Esta atividade desenvolvida no âmbito do FUTURO - projeto das 100.000 árvores na Área Metropolitana do Porto, é promovida pela Câmara Municipal de Gondomar em colaboração com o CRE.Porto. As árvores são provenientes do programa Floresta Comum.

sexta-feira, 11 de outubro de 2013

Monte Padrão aguarda nova visita


No próximo dia 19 de outubro, os voluntários do FUTURO voltam a Monte Padrão onde já foram plantadas cerca de 6700 árvores durante as duas épocas de plantação do projeto. Os participantes vão fazer a manutenção de algumas parcelas arborizadas, nomeadamente cuidar e realizar uma retancha.

Participe!
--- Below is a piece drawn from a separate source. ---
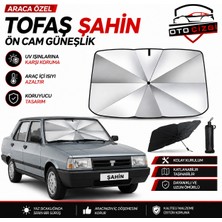 OtoÇizgi Fiat Tofaş Şemsiye Tip Ön Cam Güneşliği Katlanabilir Uv Korumalı Araç Cam Güneşlik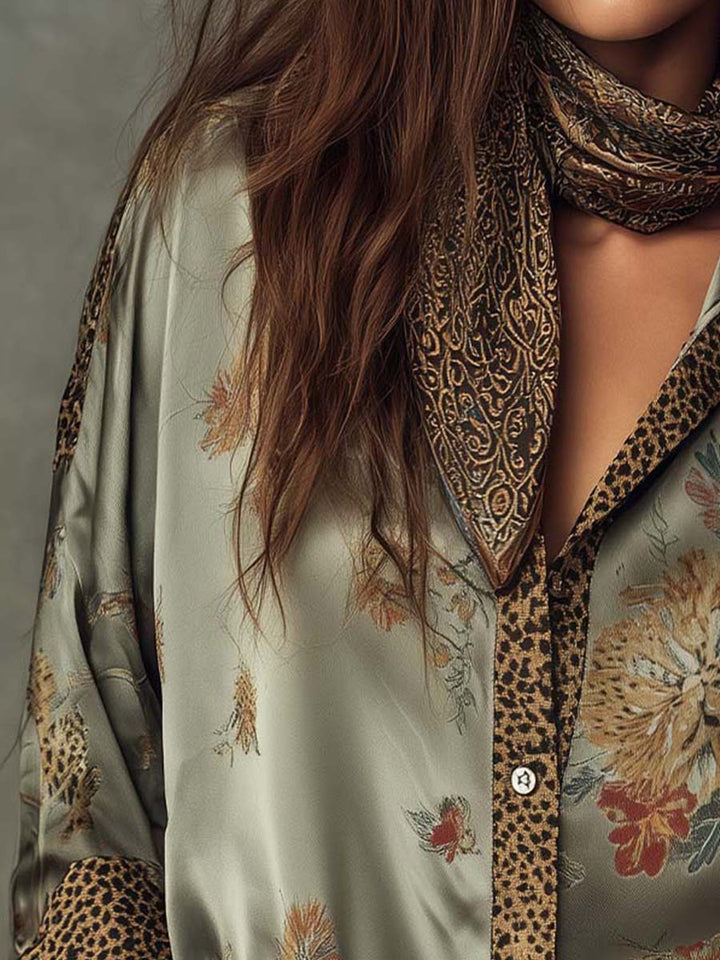 Satin Floral Shirt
É grátis, divertido e vai (re)visitar um dos locais mais bonitos da região! :)

As nossas árvores para esta época...

As nossas árvores e arbustos para esta época já nos foram atribuídas pelo Programa Floresta Comum. Para a época 2013/14 receberemos 11.815 exemplares de 29 espécies distintas. Já estamos a fazer os preparativos para ir para o terreno! Em breve daremos mais novidades.

Espinho adere ao FUTURO - projeto das 100.000 árvores na Área Metropolitana do Porto

O município de Espinho aderiu recentemente ao FUTURO - projeto das 100.000 árvores na Área Metropolitana do Porto. Estamos já a planear as intervenções para esta época no Castro de Ovil, uma simpática área arqueológica onde teremos um excelente campo experimental para controlo de plantas invasoras e plantação e cuidade de árvores e arbustos nativos.

Com a adesão de Espinho já estão envolvidas no projeto 14 municípios da Área Metropolitana do Porto.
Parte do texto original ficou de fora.